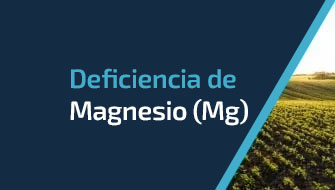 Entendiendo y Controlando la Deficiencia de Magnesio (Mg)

...

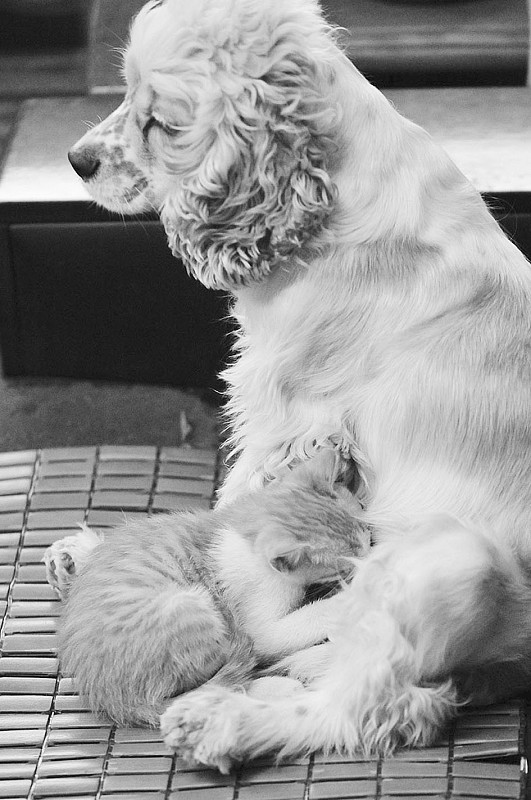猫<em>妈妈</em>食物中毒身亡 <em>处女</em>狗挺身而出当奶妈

--

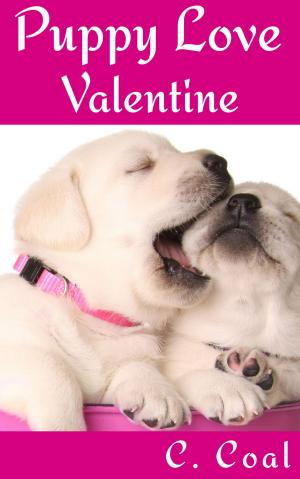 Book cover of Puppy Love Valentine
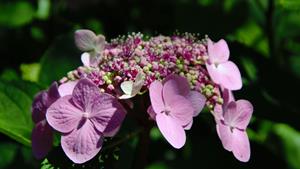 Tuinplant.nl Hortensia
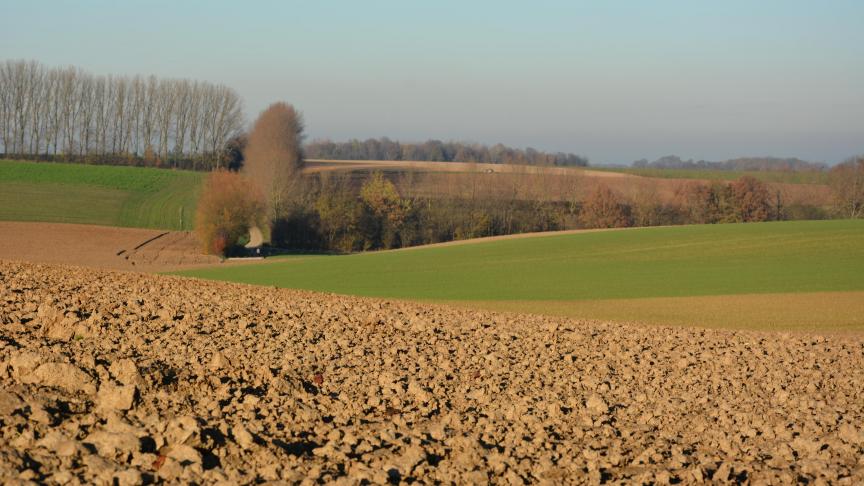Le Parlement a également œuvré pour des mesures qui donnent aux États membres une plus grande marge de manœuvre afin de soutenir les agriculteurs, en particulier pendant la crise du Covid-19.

Task statement
Among the entries above, take the lines from the one with "Tuinplant.nl Hortensia" through the one with "Le Parlement a" and retype them exactly, leaving out the pictures.

Exercise output
 Tuinplant.nl Hortensia
Le Parlement a également œuvré pour des mesures qui donnent aux États membres une plus grande marge de manœuvre afin de soutenir les agriculteurs, en particulier pendant la crise du Covid-19.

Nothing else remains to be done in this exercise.